Work task =>
Everything in the listing that follows should be reproduced exactly except the pictures.

━━━━━ Collected data ━━━━━

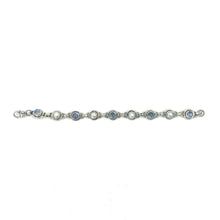 Load image into Gallery viewer, Nicky Butler SS Moonstone &amp; FWP Line Bracelet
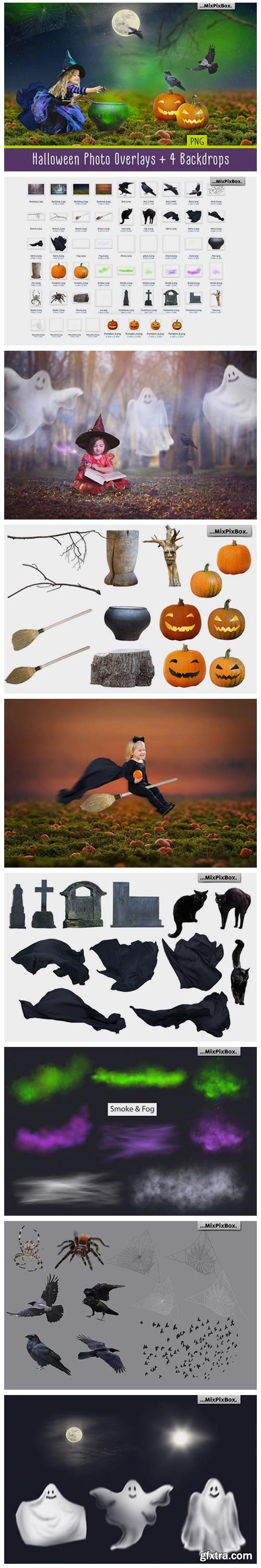 Halloween Photo Overlays 1786549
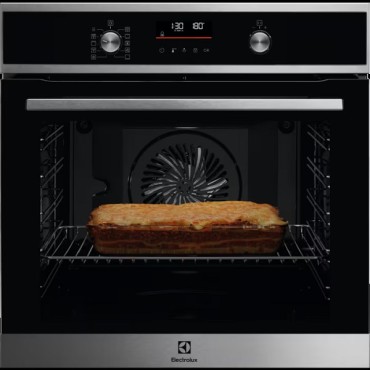 Electrolux Pyrolytic Single Oven 71ltr Stainless Steel Eof6p46x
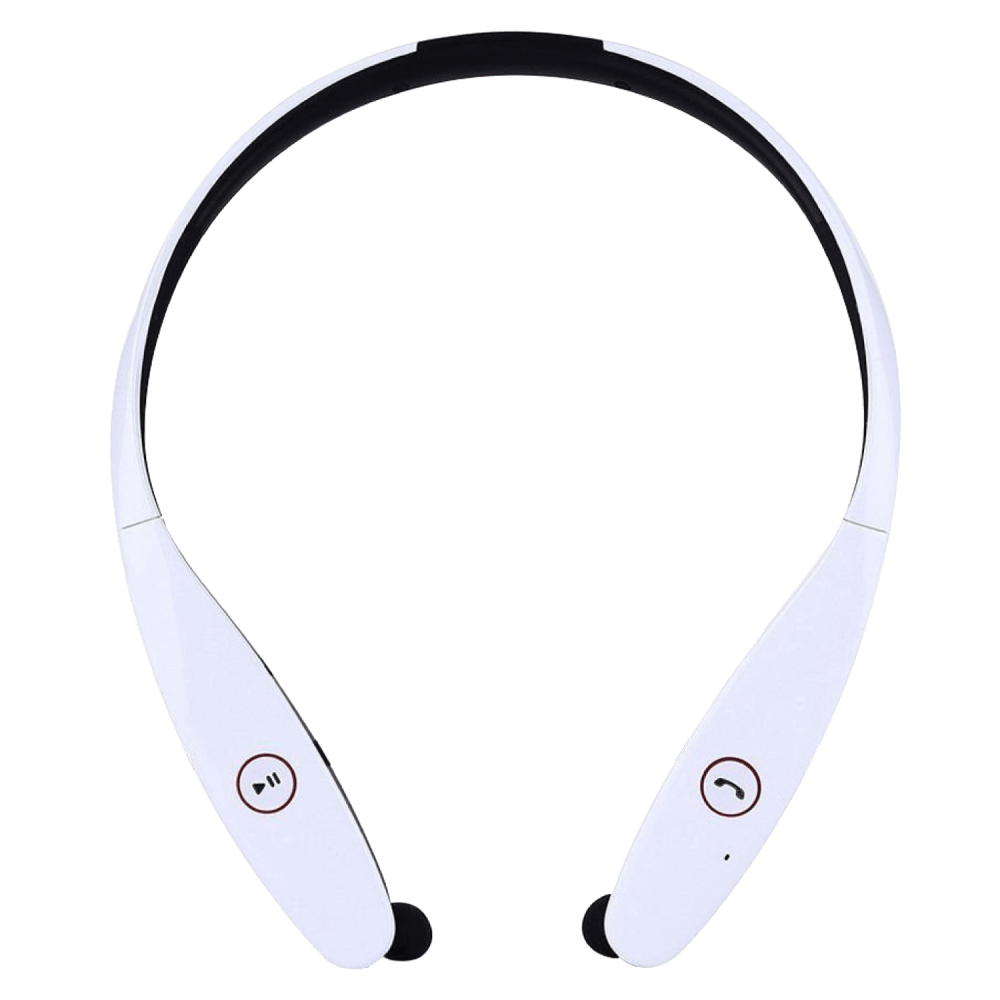 AMPD Around the Neck In Ear Bluetooth Headphones White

━━━━━

Written response =>
 Load image into Gallery viewer, Nicky Butler SS Moonstone &amp; FWP Line Bracelet
 Halloween Photo Overlays 1786549
 Electrolux Pyrolytic Single Oven 71ltr Stainless Steel Eof6p46x
 AMPD Around the Neck In Ear Bluetooth Headphones White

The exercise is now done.